We can all yap about oppression until the cows come home, but homophobia gets all the press coverage these days, and frankly, I’m sick of it!! In an era where DEI is being threatened, it has never been more important to uphold diversity of perspective. This is why I, a heterosexual woman, feel it is important to bring my perspective to the Rib of Brown (which consists of like, 20 gay people, plus me) and give voice to an issue close to my man-loving heart: queerbaiting.

“What is queerbaiting?” I hear you ask. You’re probably a queerbaiter if a guy has ever asked you if you’re gay. Or if your dad has ever sent you a picture of his office decked out for pride month. Or if you’ve ever been like, “let’s have sex,” to your friends and been taken seriously. Luckily for you, after 6 years of struggle and experimentation—NO, not that kind of experimentation—I’ve come up with a set of DOs and DON’Ts for people like me who just want everyone to know they’re heterosexual.

DO: consider going blonde.

People seem to just assume blonde women are straight, for some reason. However, you should only go blonde if you’re white. Otherwise, bleached hair will backfire on you and you will look more gay.

DON’T: make out with your friends.

Unless you’re blonde! When two blondes make out, no one cares, because straight men think it’s hot.

DO: lay off the eyeliner.

Some people will show up 30 minutes late to their two-and-a-half-hour seminar on Marxist literature in their Doc Marten platform Mary Janes with a 2-inch wing on each eye, and then have the nerve to be surprised when everyone assumes they’re bisexual. I’m never more than 20 minutes late to my afternoon seminar on Marxist literary theory, and I wear my platform Mary Janes a maximum of 2 times a week—if I can do it, so can you.

DON’T: get a bob.

This will NOT help your image, heterosexually speaking. This applies to both men and women! It takes courage to get a bob, but maturity to grow it out—take it from me. Also, can I be honest? Not all of you have the face for it. It’s not French, Claire. You look like a pencil.

DO: acquaint yourself with the discography of Gracie Abrams.

For people who don’t know, Gracie Abrams is like the straight, brunette version of Taylor Swift. This is another tip that works for any gender! If you’re a girl with Gracie Abrams in her Spotify Wrapped Top 5 artists, most people will probably assume you’re straight. And if you’re a guy who likes her music, most people will probably assume the only reason you listen to it is to get women to sleep with you.

DON’T: talk about how much you looooooove Drag Race.

This is actually a pretty straight thing to do, but it’s also annoying, so you should stop. Pick another show straight people like to talk about, like Bridgerton or Breaking Bad.

DO: dress more basic.

Say it with me: CROCHET is GAY! It rhymes because it’s true! Instead, think about getting a pair of flare leggings or some black sambas. If you’re a guy, don’t worry: it’s less about what you wear and more about wearing basically the same thing every day.
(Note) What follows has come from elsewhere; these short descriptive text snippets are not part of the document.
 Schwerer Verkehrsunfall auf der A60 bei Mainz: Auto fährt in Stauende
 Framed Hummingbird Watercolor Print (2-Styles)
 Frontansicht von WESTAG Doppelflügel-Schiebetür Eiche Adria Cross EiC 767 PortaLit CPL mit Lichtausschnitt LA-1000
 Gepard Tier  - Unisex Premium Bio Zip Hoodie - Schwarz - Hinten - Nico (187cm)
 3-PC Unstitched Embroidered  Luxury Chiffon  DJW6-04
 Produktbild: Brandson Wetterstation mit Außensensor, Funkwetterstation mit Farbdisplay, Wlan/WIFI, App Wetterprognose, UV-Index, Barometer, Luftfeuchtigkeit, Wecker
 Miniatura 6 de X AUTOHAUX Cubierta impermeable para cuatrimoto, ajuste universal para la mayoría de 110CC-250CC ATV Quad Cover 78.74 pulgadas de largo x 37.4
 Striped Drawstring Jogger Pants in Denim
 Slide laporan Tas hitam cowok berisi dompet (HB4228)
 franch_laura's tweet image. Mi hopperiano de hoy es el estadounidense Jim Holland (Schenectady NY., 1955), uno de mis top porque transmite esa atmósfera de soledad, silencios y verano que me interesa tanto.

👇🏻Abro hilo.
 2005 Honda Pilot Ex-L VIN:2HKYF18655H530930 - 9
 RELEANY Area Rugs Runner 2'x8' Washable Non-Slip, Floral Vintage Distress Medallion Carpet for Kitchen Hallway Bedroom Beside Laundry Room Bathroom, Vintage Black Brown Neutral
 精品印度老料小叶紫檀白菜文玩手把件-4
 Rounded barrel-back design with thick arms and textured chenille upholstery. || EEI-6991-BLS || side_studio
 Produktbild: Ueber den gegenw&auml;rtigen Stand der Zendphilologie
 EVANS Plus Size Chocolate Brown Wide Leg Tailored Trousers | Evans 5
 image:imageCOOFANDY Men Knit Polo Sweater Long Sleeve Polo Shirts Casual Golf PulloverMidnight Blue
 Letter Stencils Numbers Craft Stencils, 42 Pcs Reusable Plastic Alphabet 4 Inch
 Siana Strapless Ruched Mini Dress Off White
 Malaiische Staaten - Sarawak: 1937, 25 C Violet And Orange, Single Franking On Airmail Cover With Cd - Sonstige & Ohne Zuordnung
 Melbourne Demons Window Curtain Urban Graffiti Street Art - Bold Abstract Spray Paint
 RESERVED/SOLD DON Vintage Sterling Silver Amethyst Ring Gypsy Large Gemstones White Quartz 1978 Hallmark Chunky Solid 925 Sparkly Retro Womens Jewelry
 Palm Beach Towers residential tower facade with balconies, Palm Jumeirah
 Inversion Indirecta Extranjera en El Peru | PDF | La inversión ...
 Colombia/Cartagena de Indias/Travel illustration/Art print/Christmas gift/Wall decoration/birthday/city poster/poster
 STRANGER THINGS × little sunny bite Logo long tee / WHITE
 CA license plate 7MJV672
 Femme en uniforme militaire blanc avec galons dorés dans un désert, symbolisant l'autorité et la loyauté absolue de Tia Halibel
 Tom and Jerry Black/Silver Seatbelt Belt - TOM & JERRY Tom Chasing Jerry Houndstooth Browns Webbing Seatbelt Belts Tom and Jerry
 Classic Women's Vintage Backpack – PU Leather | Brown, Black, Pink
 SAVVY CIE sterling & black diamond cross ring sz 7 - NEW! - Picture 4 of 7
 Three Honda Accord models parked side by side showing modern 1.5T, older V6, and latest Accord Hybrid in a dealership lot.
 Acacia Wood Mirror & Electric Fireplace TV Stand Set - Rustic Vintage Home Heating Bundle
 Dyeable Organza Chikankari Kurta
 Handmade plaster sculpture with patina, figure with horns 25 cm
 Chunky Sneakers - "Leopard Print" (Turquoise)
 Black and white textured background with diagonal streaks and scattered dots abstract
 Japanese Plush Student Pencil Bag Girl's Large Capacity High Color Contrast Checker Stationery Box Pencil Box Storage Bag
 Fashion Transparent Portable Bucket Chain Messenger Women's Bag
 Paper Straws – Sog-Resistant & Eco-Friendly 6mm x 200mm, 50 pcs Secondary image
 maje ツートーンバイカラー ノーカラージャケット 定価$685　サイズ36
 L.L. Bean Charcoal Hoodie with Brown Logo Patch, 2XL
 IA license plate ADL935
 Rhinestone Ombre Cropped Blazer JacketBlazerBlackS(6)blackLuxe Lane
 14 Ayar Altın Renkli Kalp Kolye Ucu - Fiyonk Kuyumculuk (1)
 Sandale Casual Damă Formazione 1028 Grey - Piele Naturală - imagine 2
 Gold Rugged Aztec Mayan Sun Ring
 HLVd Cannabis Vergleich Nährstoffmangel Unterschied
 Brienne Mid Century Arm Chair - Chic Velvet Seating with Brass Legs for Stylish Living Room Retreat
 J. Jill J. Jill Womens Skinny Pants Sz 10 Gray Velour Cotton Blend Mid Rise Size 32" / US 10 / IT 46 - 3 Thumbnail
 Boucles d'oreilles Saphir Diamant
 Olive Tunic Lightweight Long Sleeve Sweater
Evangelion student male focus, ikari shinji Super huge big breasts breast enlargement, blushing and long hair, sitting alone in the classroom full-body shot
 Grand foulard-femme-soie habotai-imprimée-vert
DON’T: wear a shirt that says ‘100% HET’

It might as well say ‘100% KET’, because anyone who sees this will immediately assume you’re extremely gay. Additionally, HET also stands for ‘Heavy Equipment Transport’, so in the event that no one gets the abbreviation, you’re either in for a long, awkward conversation with a bunch of truckers, or you’ve just told a room of strangers that you have a huge dick. And nothing screams ‘no homo’ like a bunch of rugged old men in flannels talking about dicks.

I hope that clears some stuff up for you guys. And if you ever feel alone in your queerbaiting tendencies, don’t worry: Brown University has what is probably the world’s highest concentration of queerbaiters per capita outside of Bushwick and East London. Chances are you’re sitting next to one right now!